Sunday, August 13, 2006

Review: Colour Engineering by Green and MacDonald

Phil Green and Lindsay MacDonald, Colour Engineering, Wiley.
Digital camera makers, printer manufacturers, image processing software authors and the whole of the printing and imaging content industry share a need for allowing color information to move seamlessly between acquisition, archiving and display. This desire for hardware-independent seamlesness is manifest in the creation of the International Color Consortium (ICC), and translates into the subtitle of the Green and Lindsay's book, " Achieving Device Independent Color".

The science of color is grounded in physics and psychology; however the practical use of color in capture, display and reproduction of imagery relies heavily on descriptive formalisms, measurement devices, computer software, and the quirks of today's capture and display hardware. This is technology, not science. And anyone wishing to write code to manipulate color information benefits from an overview of these details.

Green and MacDonald have edited a book composed of information-packed peer-reviewed survey chapters which taken together supply an overview and tutorial introduction of the implementation details of color technology, as it stood in 2002. Colour Engineering bridges the considerable gap between simplified texts such as Abhay Sharma's "Understanding Color Management" and current research.

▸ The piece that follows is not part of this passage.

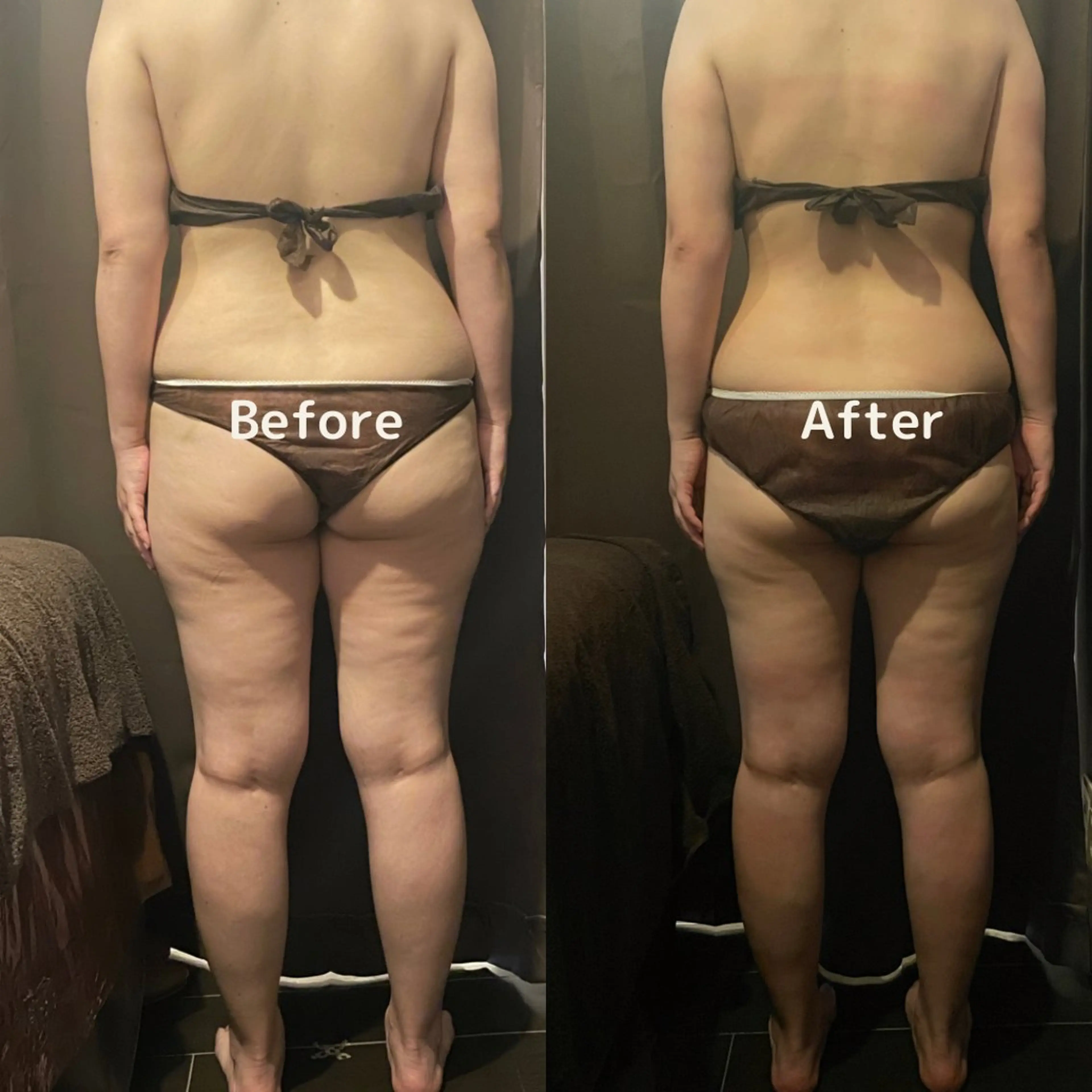 痩身・フェイシャル/if  byOrabriller所属・if byOrab riller【ｲﾌ】のその他イメージ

A reader desiring to enter the field will find assembled here most of the technical background material needed in order to quickly use Matlab or another toolkit to manipulate color imagery and color transforms, and an invaluable chapter by chapter bibliography. Colour Engineering is an essential resource that should find itself on the bookshelf of every color scientist, hardware designer and color software author.

NB - this review is not yet finalized.